Saturday, May 1, 2010


Classifying green buildings


In 2007, Ken Holdings Bhd executive director Sam Tan unveiled the company’s then-latest project Ken Bangsar, a residential development in Bangsar, Kuala Lumpur. He said that building would be a trendsetter but he did not say in what way.

Fast forward 2010. On April 26, Tan was among several recipients of Malaysia’s Green Building Index (GBI) award (design assessment stage).

It will have to submit an application for a second stage (completion and verification) later on. After that, there will be three-yearly audits to maintain its GBI rating.

GBI’s four rankings are based on the point system - Certified is the lowest (50 to 65 points), Silver, Gold and Platinium (> 86 points). Ken Bangsar was classified a Gold (76 to 85 points). The building also has Singapore’s Gold Mark.

There were other GBI recipients: Kajang Resources Corp Sdn Bhd (for KRC Sales Gallery, Kajang, Selangor), Bandar Utama City Corp Sdn Bhd (office block 1 First Avenue, Petaling Jaya), Central Holdings Bhd (Menara Worldwide KL) and Sunway SPK Homes Sdn Bhd (3 Harmoni residential, Kepong, Kuala Lumpur).

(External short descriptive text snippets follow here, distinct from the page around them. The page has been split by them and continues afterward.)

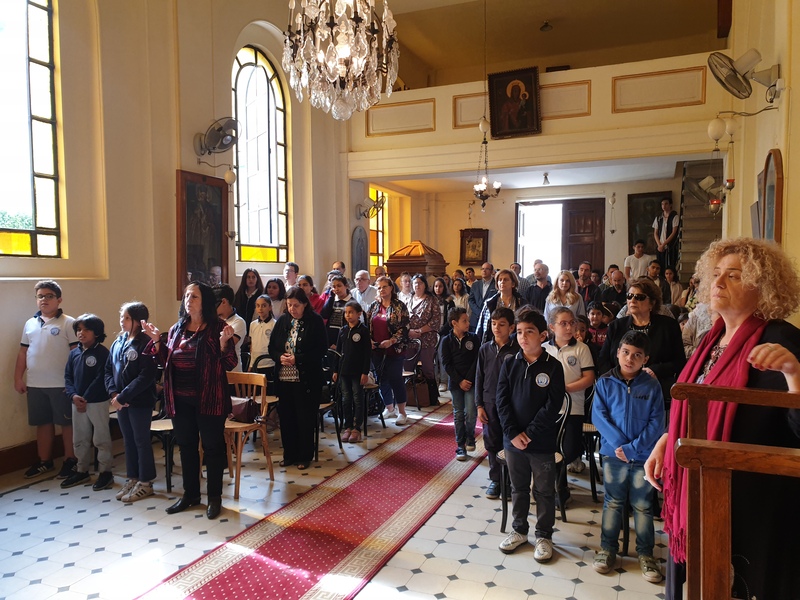 Εισόδια Θεοτόκου:  Κατάμεστο από μαθητές το εκκλησάκι των Ελληνικών σχολείων (Photos)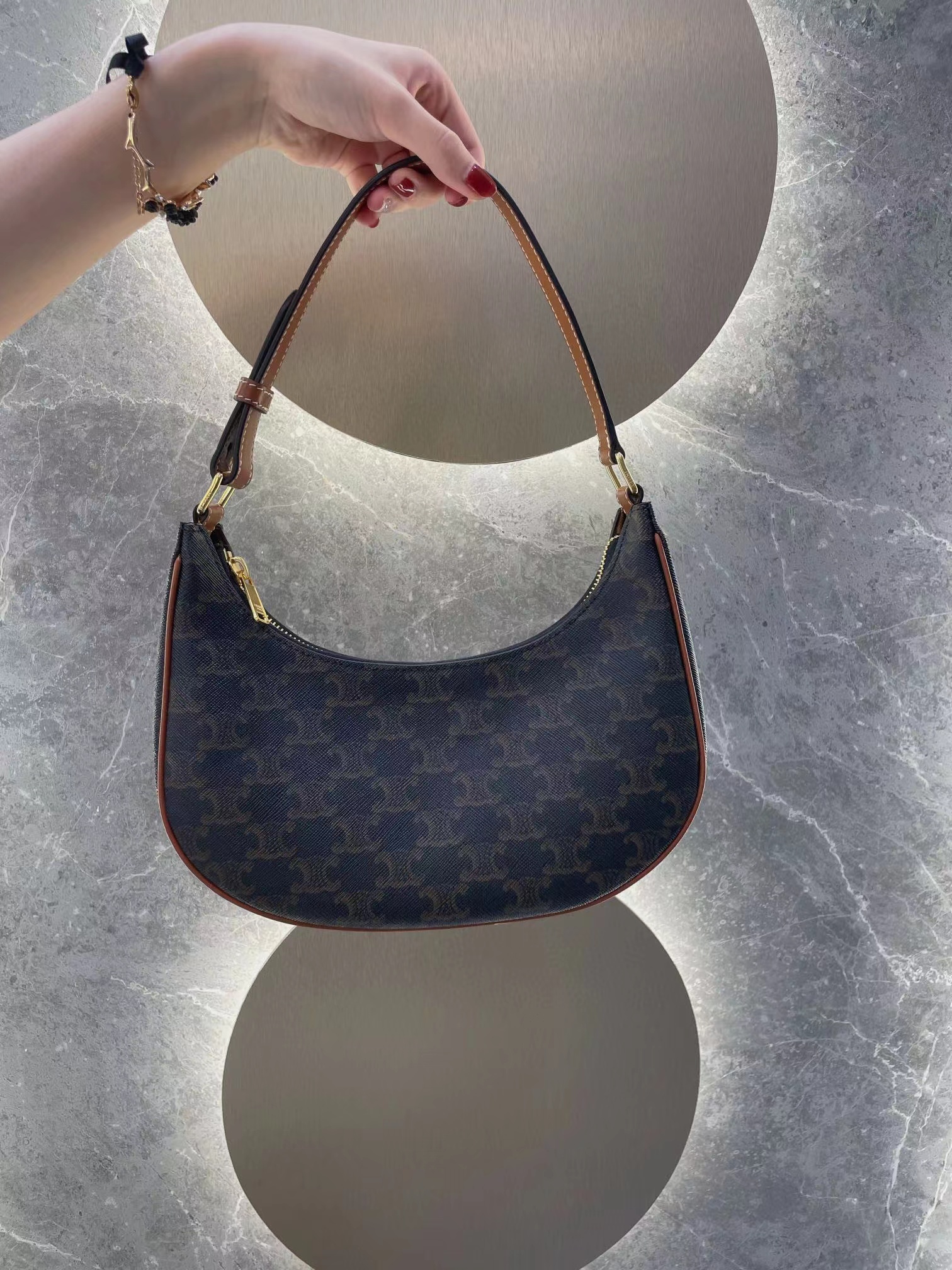 CELINE TRIOMPHE帆布及小牛皮AVA腋下包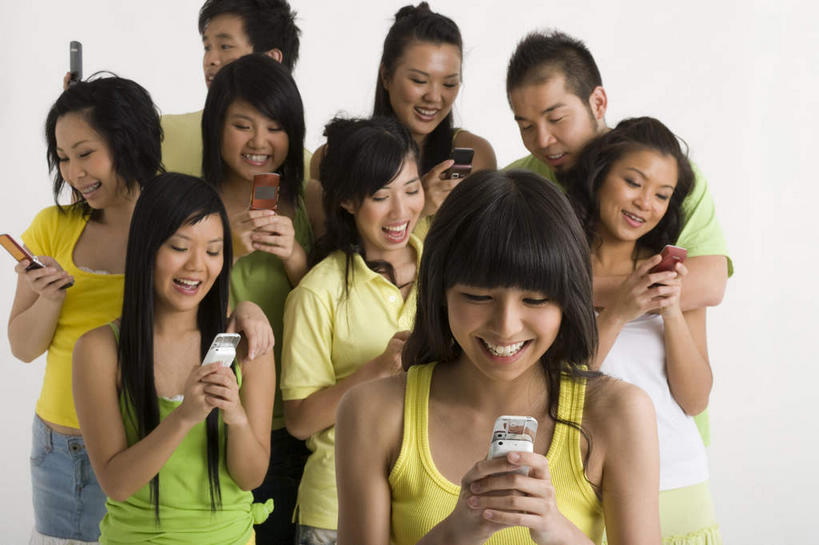 东方人,伙伴,朋友,笑,打电话,微笑,露齿笑,横图,室内,白天,白色背景,正面,T恤衫,友谊,电话,手机,亚洲,握,裤子,许多人,拿,T恤,拿着,注视,牛仔裤,黄种人,通讯设备,观察,看,一群人,握着,摄影,影棚,观看,靠近,察看,凑近,关注,聚拢,挨近,接近,靠拢,交流,友情,男人,男性,年轻男性,年轻女性,女人,女性,亚洲人,沟通,通话,半身,彩图,影棚拍摄,拍摄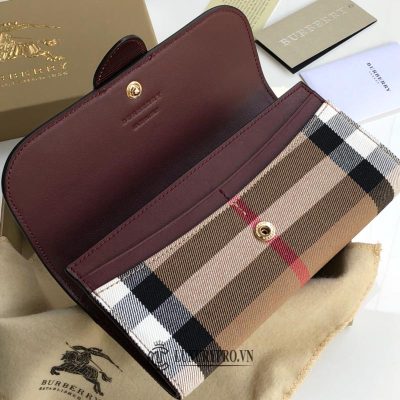 vi nu hang hieu burberry 8 15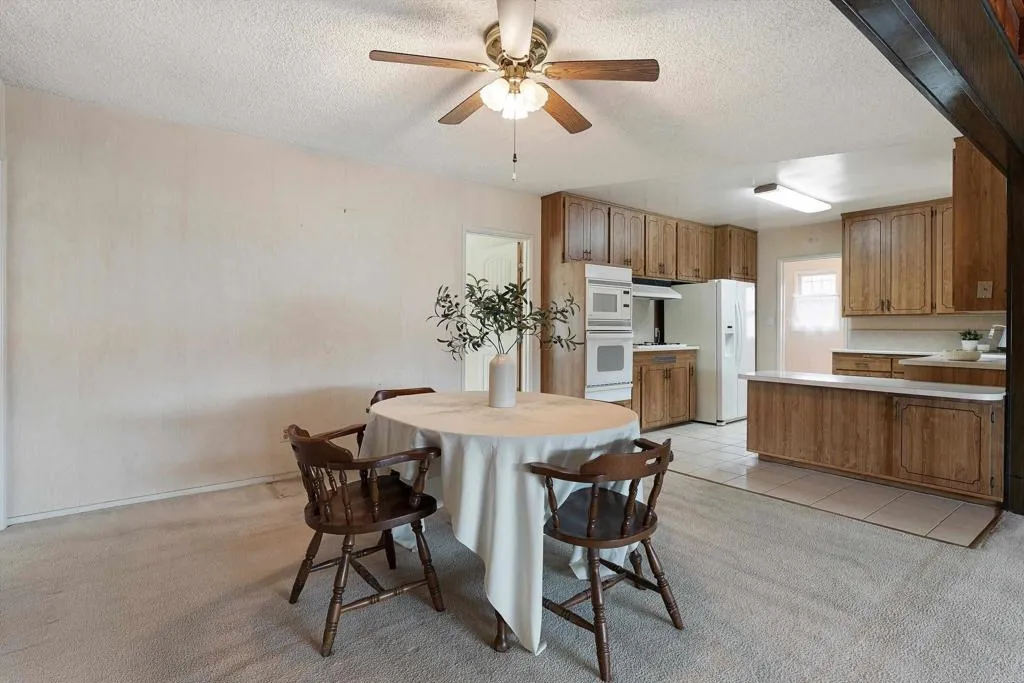 https://cdn.realtyfeed.com/cdn/127/306624327/a7ae9e9725c7b8fac530e86c7167b873.webp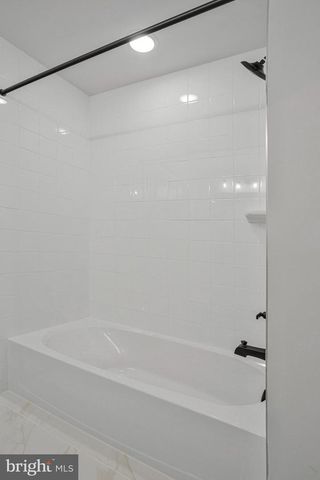 128 CATALPA DR, North East, MD 21901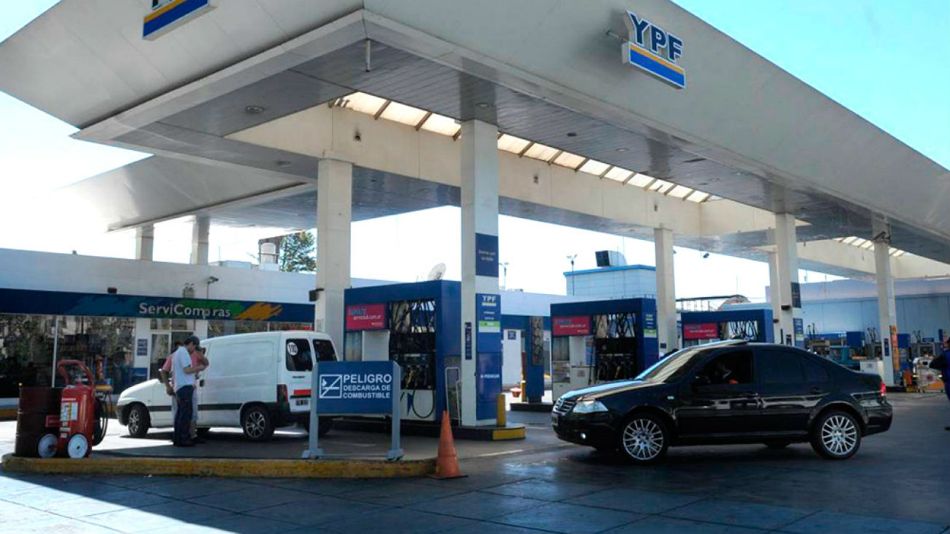 La petrolera estatal aumentó los precios de sus combustibles.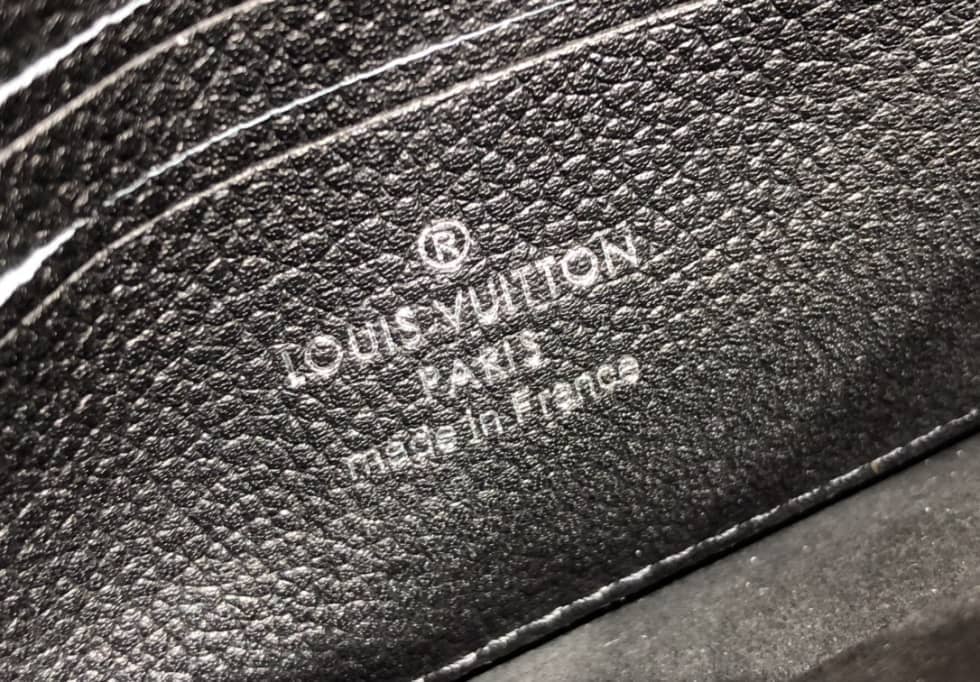 L0vis Vvtt0n Pochette Lock Me Chain M63980 Replica Crossbody Bag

Past president of Persatuan Arkitek Malaysia (PAM) and GBI accreditation panel member Dr Tan Loke Mun also received an award for his home.

The GBI is Malaysia’s rating tool for buildings to promote green living and working.

Green living is more than the location of your home or office. It is the type of buildings you inhabit. Essentially, green living is pretty much based on that famous quote: “A penny saved is a penny earned.” Hence, a kilowatt saved is a kilowatt earned. Put another way, the cheapest – and greenest – energy is the energy you never have to use.

All the green building standards around the world have different emphasis. Singapore’s Green Mark is on energy efficiency because it has a small land mass and is dense. GBI’s emphasis for residential segement is on sustainable site planning and management because developers keep building new townships that is not supported by public transport system while the commercial segment is energy efficiency. GBI was launched in May last year, four years after Singapore’s Green Mark.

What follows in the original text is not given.